Once upon a time, in (what is now, but what was once not) the Kingdom of Dis, the Group of Seven (so-called due to seeming influence of certain group members, there were actually many more participants in the GoS, some of whom history has forgotten willingly, or not) decided it was time to forge something new based on something that was old.
Beg, Borrow, Steal, was the GoS philosophy du jour. What they would synthesize from the past would come to leave its stamp upon the world. And when a stamp is upon the world, the people of that world can only adjust themselves to it according to their own temperaments. Rare is the time in history when so few individuals are so supremely leveraged to bring about so much change, so swiftly, and by such (relative) primitive means, for good or for ill.
The problem at hand, as the GoS saw it, was one of property, whether land or chattel or both. Many of the Group wanted to expand their interests towards the West on the little island they found themselves upon, which their current Monarch found to be unnecessary. Still others were concerned about losing their hold on their chattel slaves; the latest intriguing rumours from the Monarch's court far across the ocean suggested that this was (paradoxically!)1 going out of style.
It helped that several of the Group's members were necromancers. The term is meant quite literally, they would take the spirits of the dead and give them a new sort of quasi-life within a framework of what the group was trying to accomplish. Some of the sorcery was quite local from lifting from still-present indigenous populations. Some of it went deeper into the past.
To say that the Group was ultimately successful in their endeavors would be a titanic understatement, and there is much historical documentation that modern day necromancers thump their thumbs upon like a latter day bibble in a travelling evangelical's tent. A compounding of sorcery that works its rhizomes into every nook and cranny of modern life, like kudzu.

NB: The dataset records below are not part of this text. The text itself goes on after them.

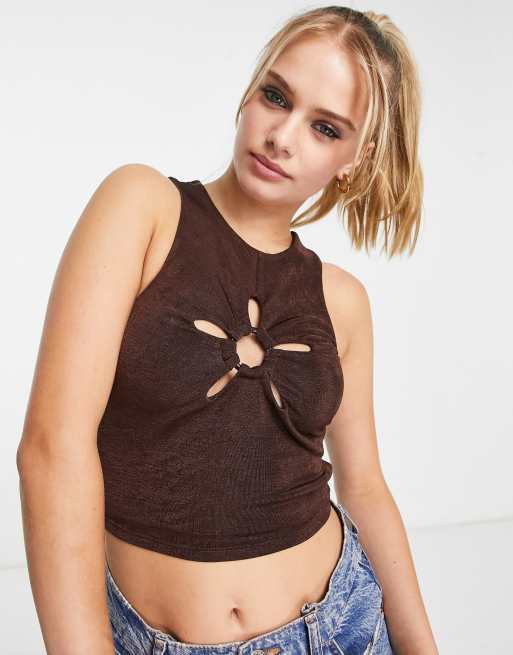 Bailey Rose - Cropped hemdje met uitsnijdingen in vorm van retro bloem in bruin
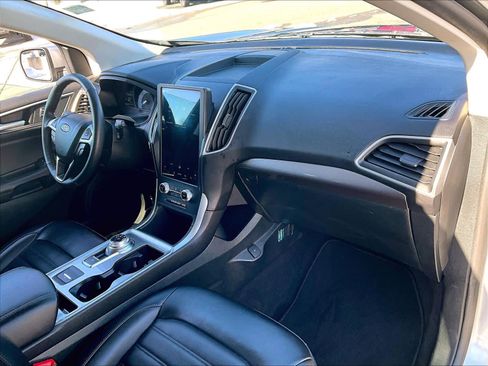 Used 2024 Ford Edge SEL image 14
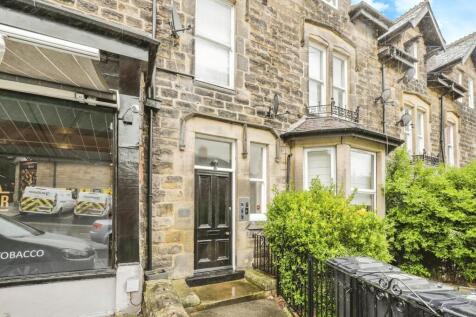 1 Heywood Road, Harrogate, HG2 0LU 3 bed flat for sale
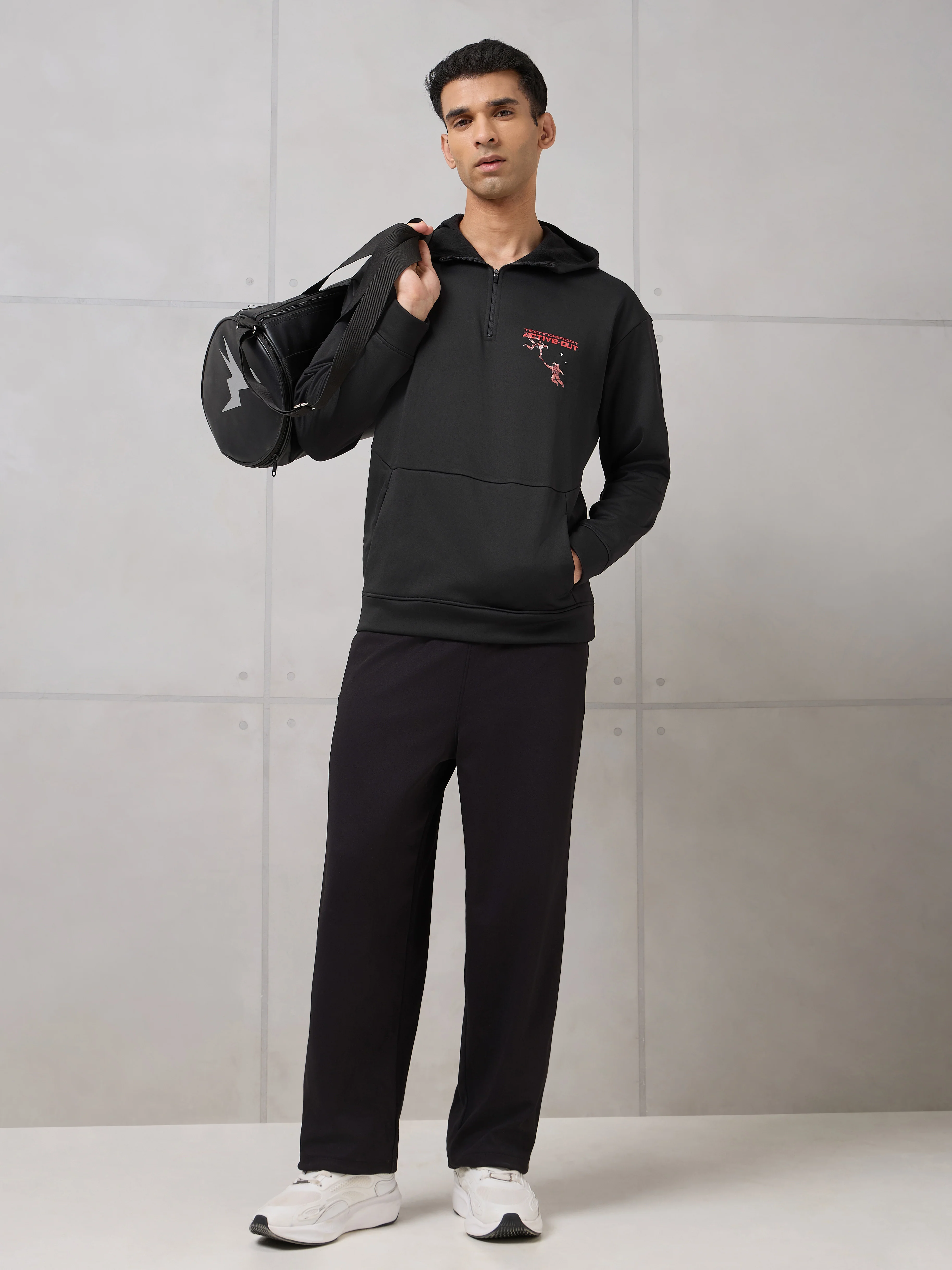 Men Hooded Slim Fit Printed Active Out Sweatshirt with TECHNOWARM+ - Image 5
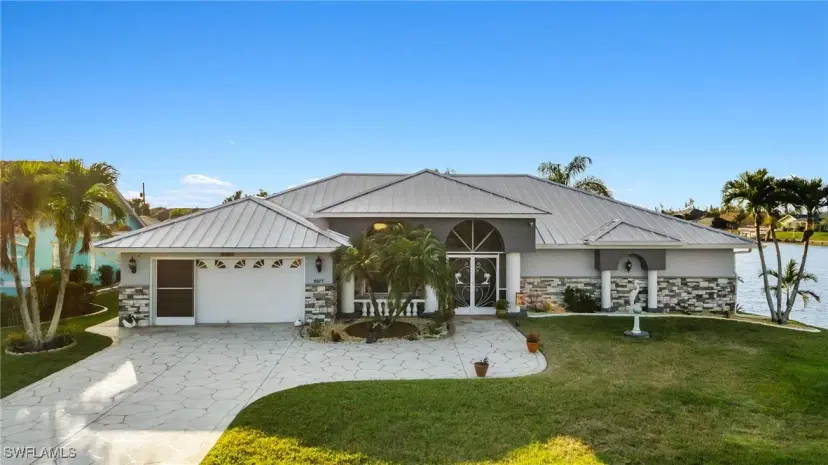Picture of 9277 St Paul Dr, Port Charlotte, FL 33981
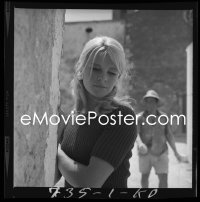 1s0225 DOCTOR ZHIVAGO camera original 2.25x2.25 negative 1965 Julie Christie moody production candid!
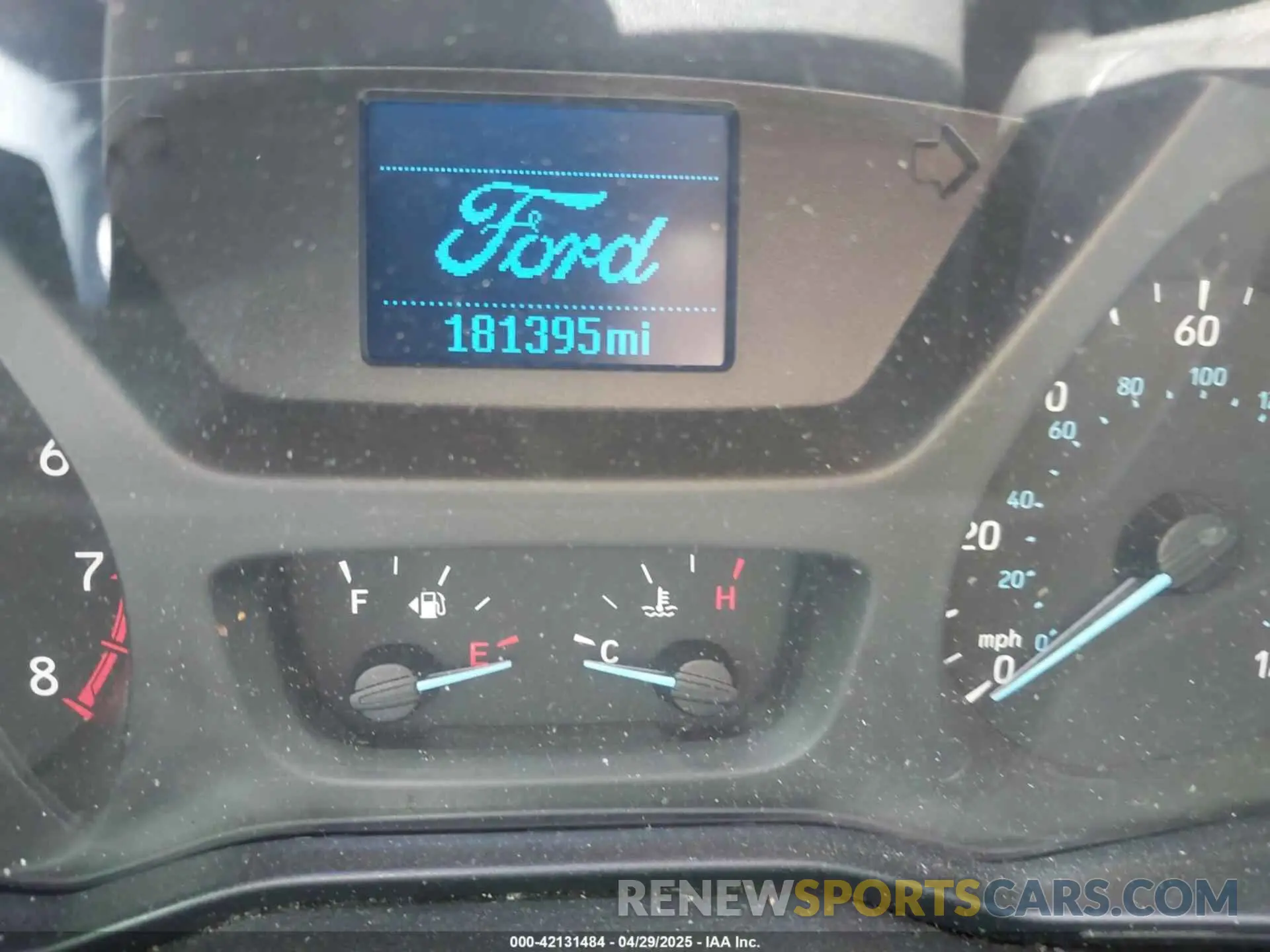 7 fotografías del automóvil dañado 1FTBW3XMXKKB74344 FORD TRANSIT-350 2019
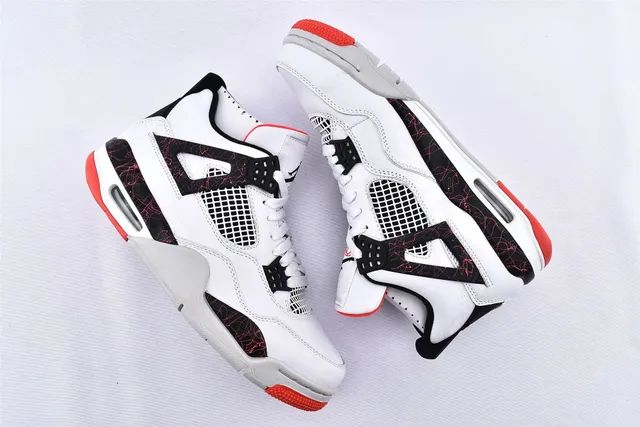 Air Jordan 4 Fire Red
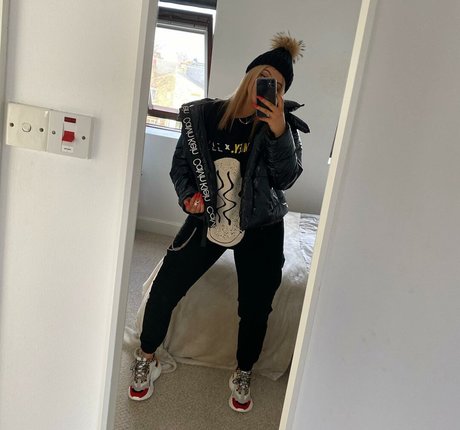 Naakte gelekte OnlyFans-foto van Eleanor Evans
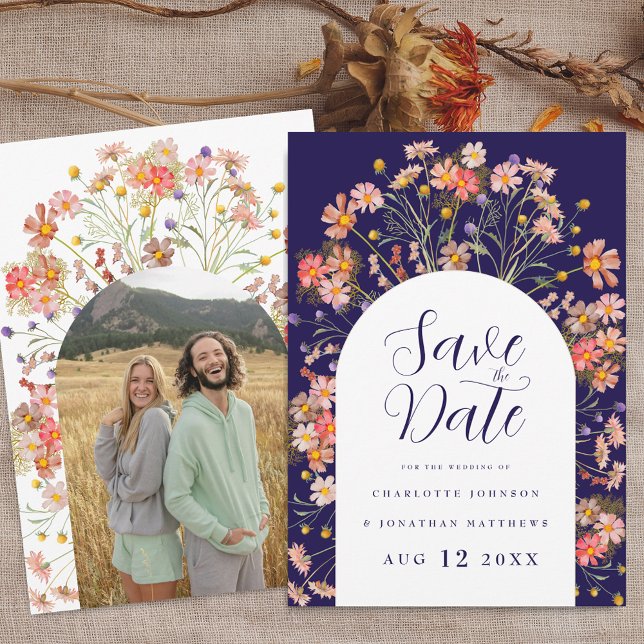 Save The Date Photo Arch Boho Fall Rustic Fleur sauvage Mariage (Photo arch boho fall rustic wildflower floral arch navy blue and white wedding save the date invite)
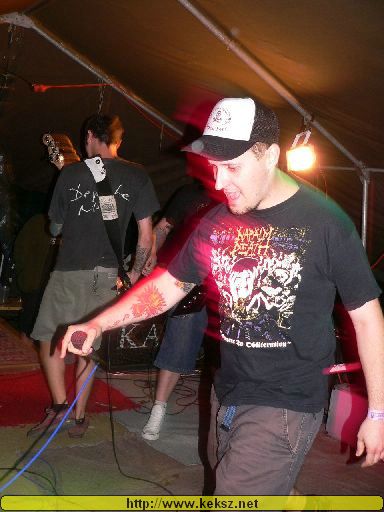 050714-1371-spadeful_of_dust.jpg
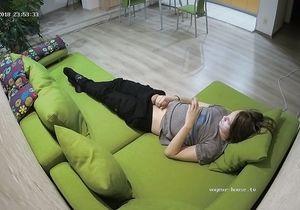 I don't hesitate to spy on roommate who masturbates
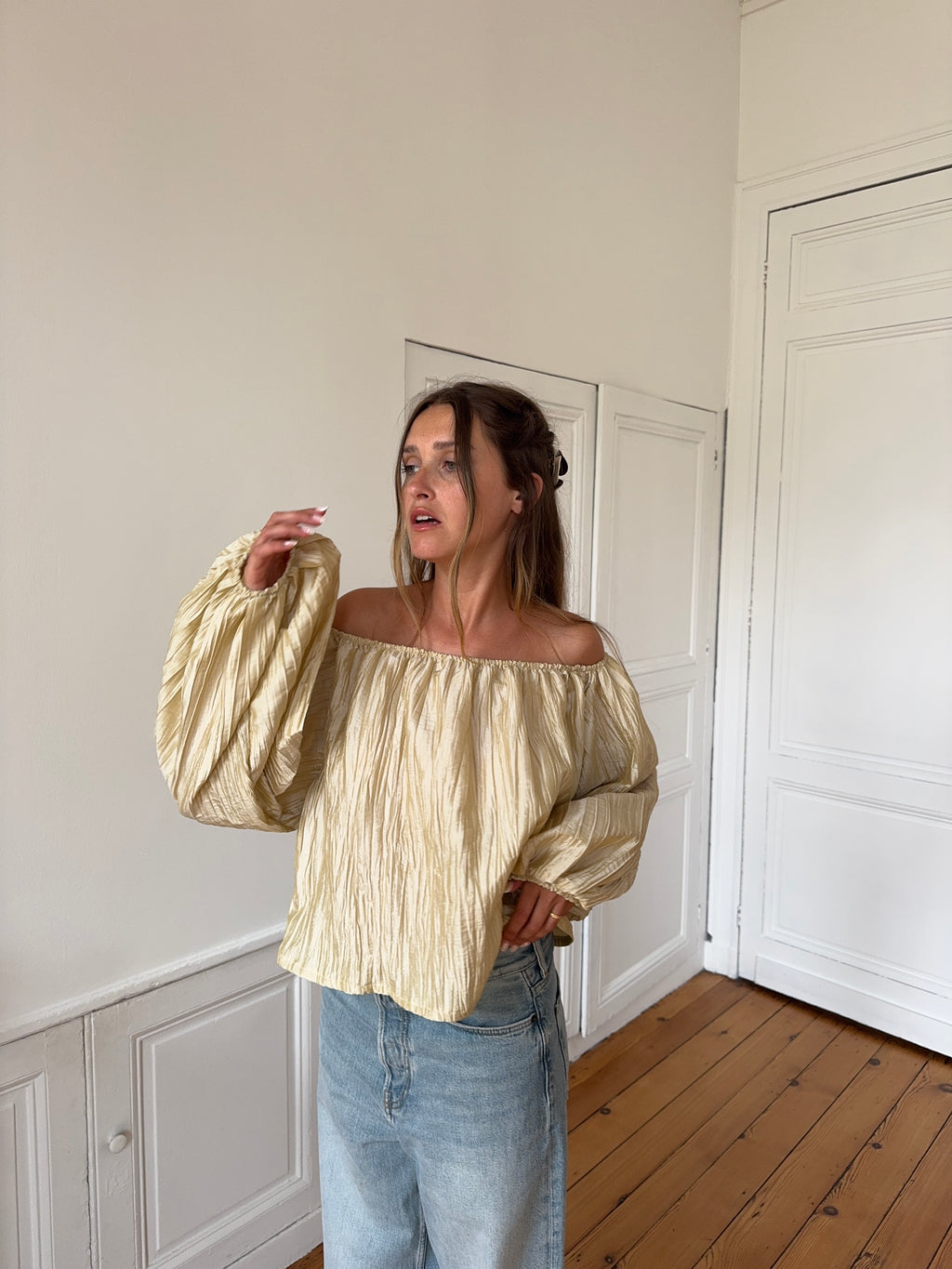 Blouse upcyclée dorée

Here in the present, Yule, Shalako, Soyal, the Winter Solstice, fast approaches. The darkest night before the dawn of the shortest day, the days then growing through the new year like a luminal fruiting mushroom body, and with that growing light comes opportunity for better decisions to be made, perhaps this go-around with a little less necromancy and a little more justice in the here-and-now. Will enough people have what is needed to throw off the bindings?